Friday, 25 July 2014

The Shock Of The Crude: Welcome to the world of Art Gekko


"I create nothing. I own. We make the rules, pal."


  Gordon Gekko


Here's a book cover. Note the publisher's logo, Zero Books, is on the cover. See? Right at the top right corner.


Right, now here's a painting which to the casual observer looks very much like the cover I've just shown you:







Here it is in situ at the Maureen Paley Gallery in 2012:



Notice the title of the book. Notice how the words on the painting actually resemble the title of the book.

Also notice how the lettering looks more than vaguely like the lettering on the book cover.



No permission was sought to use it; no reference made to the book at all.


Here's the artist. Yes I know, but read on. He's a gallery darling and what he does is some serious fucking shit you bitches.



                                                                                 GARDAR EIDE EINARSSON



MORE STUFF FROM GARDAR .
SERIOUS SHIT, MOTHERFUCKER
"...A Norwegian born artist, now living and working in both New York and Japan, Einarsson’s often text-based works come with a certain irreverence...(sic)"

From the Maureen Paley Gallery 2012

So the buyer possibly thinks, "How cool of Einarsson; he's like Norwegian and I guess it takes a melancholic hipster to  celebrate some slogans that he's seen on a street somewhere in Queen's or the Bronx and throw it back in our faces. Like the Beatles and the Animals way back when they gave us back black music..."

The excitable buyer probably thinks that this tattooed purveyor of despair has probably taken his choice nugget from a meth cook's wall in Flint, Michigan or the side of an old Detroit car plant. 

But he didn't; he copied a fucking book jacket.

With one important omission. The logo. The Zero Books logo. So that we're left in no doubt that he's as shallow as his photograph suggests.

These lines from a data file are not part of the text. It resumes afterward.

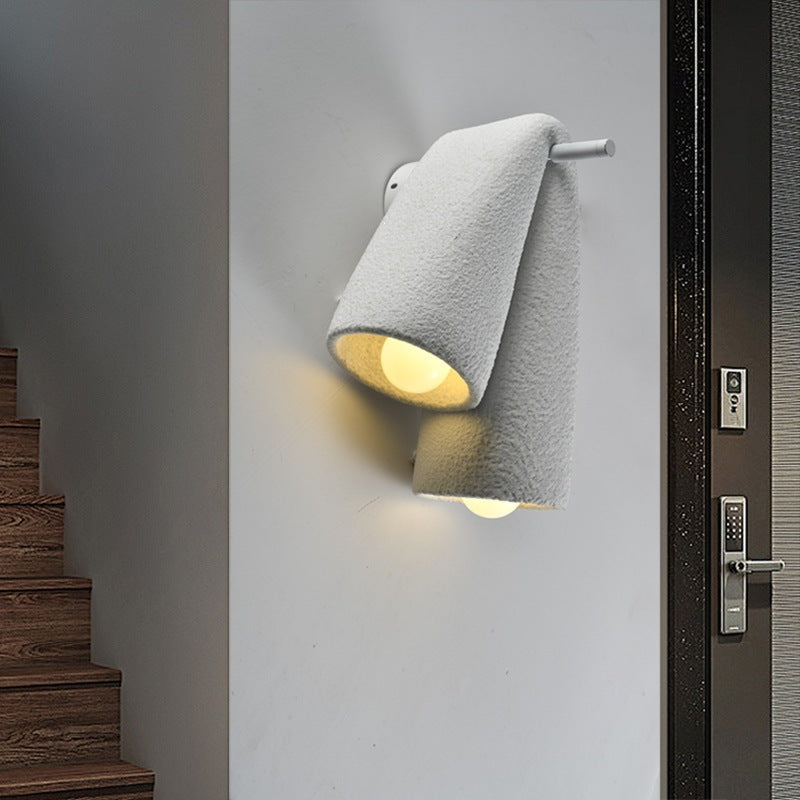 Sculptural Desk Lamp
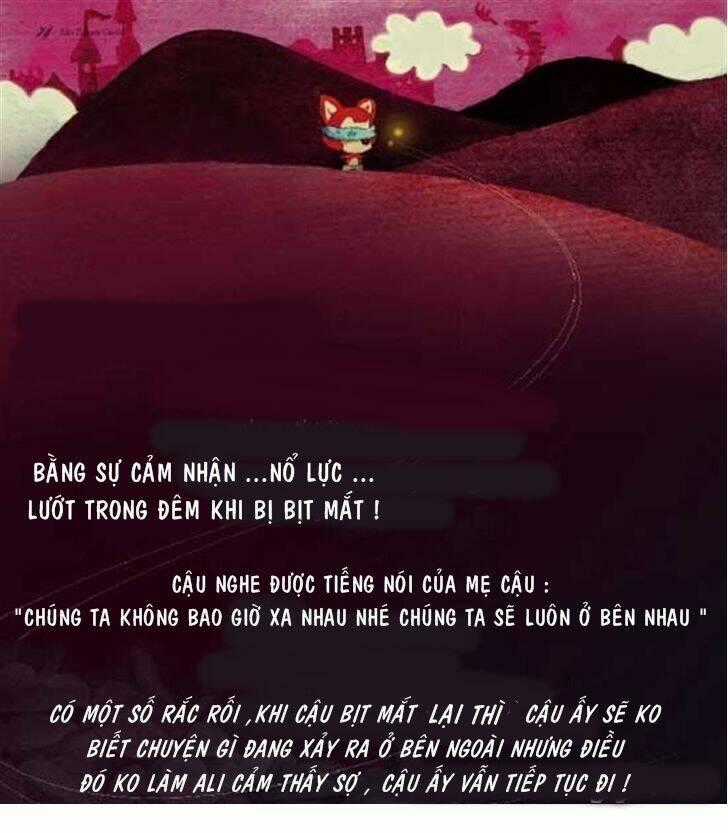 Giấc Mơ Của Ali Chapter 2 trang 8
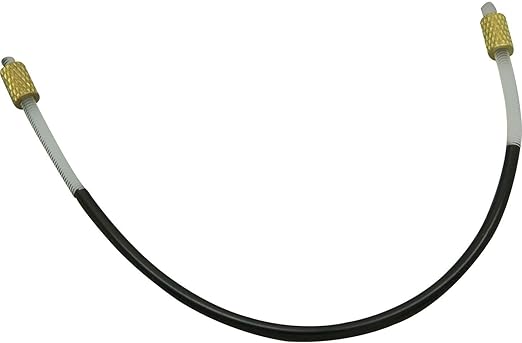 WITTNER Non-Slip Nylon Tailpiece Hangers For Violin (3/4 & 4/Size)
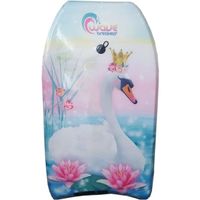 Zwaan strand bodyboard 83 cm speelgoed   - - thumbnail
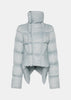 Pale Blue Naska Down Jacket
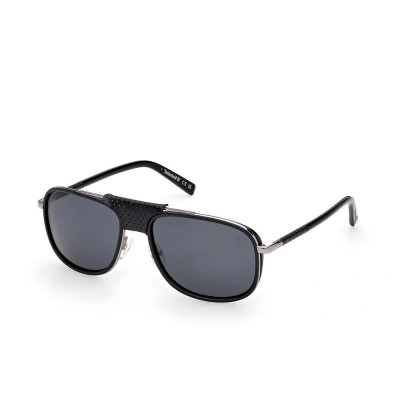 слънчеви,очила,слънчеви,очила,timberland,tb00091,polarized,sunglasses,black,(shiny,black)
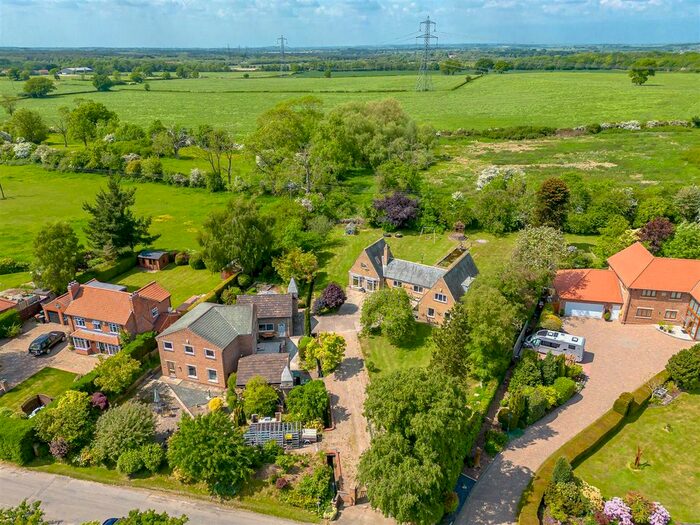 6 Bedroom Property For Sale In Whinny Lane, Claxton, York, YO60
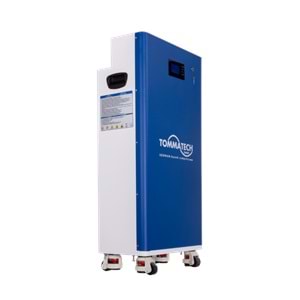 Tommatech 280AH 51.2V LiFePO4 LFP Lityum Batarya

My friend Tariq Goddard (same age as Einarsson) runs Zero Books. For a monthly wage that wouldn't get him one of the sleeves of the cool jacket below, he works hard as an author and publisher. Zero is a brave, radical venture that gives voice to left wing thinkers who represent a growing, intellectual subculture that won't find any mainstream publishers breaking down their kitchen doors to start bidding wars. In a nutshell, Jeremy Clarkson would hate them. You get my drift.


"In his hands, surprisingly, the literal exploration of the thematic ’law is for the protection of the people' creates a non-didactic environment latent with ambiguity."
Tariq is possibly the most eloquent person I know; he's a philosophy graduate and the author of six novels. And this is the sort of crap he had to look at when researching the lissome Einarsson:

"His text-based works... offer an often politicised view of contemporary society and an authoritative claim on appropriation that brings attention to the idea of authorship that has concerned postmodernist thought since Foucault’s proclamation of  “the death of the author.”

Er, so that's all right then.

The leather jacket above, incidentally has featured in a Jay-Z video. The one with Beyoncé. I'd like to show you a still from it, but I daren't risk the lawsuit.

Tariq must be so fucking fed up with this. He's received not one red cent from all this trading on a Zero title. Nothing. 


He's written to the the artist, who, hilariously, suggests the lettering wasn't exactly traced (he couldn't be arsed to put in the curves on the letterforms), and that, really, er, actually he's been in touch with lawyers and that Tariq doesn't have a sustainable case.

This is what his picture should have looked like.  

Not quite so cool for the artist, though. How would he explain it? A book cover? Fuck off. You'll get sued.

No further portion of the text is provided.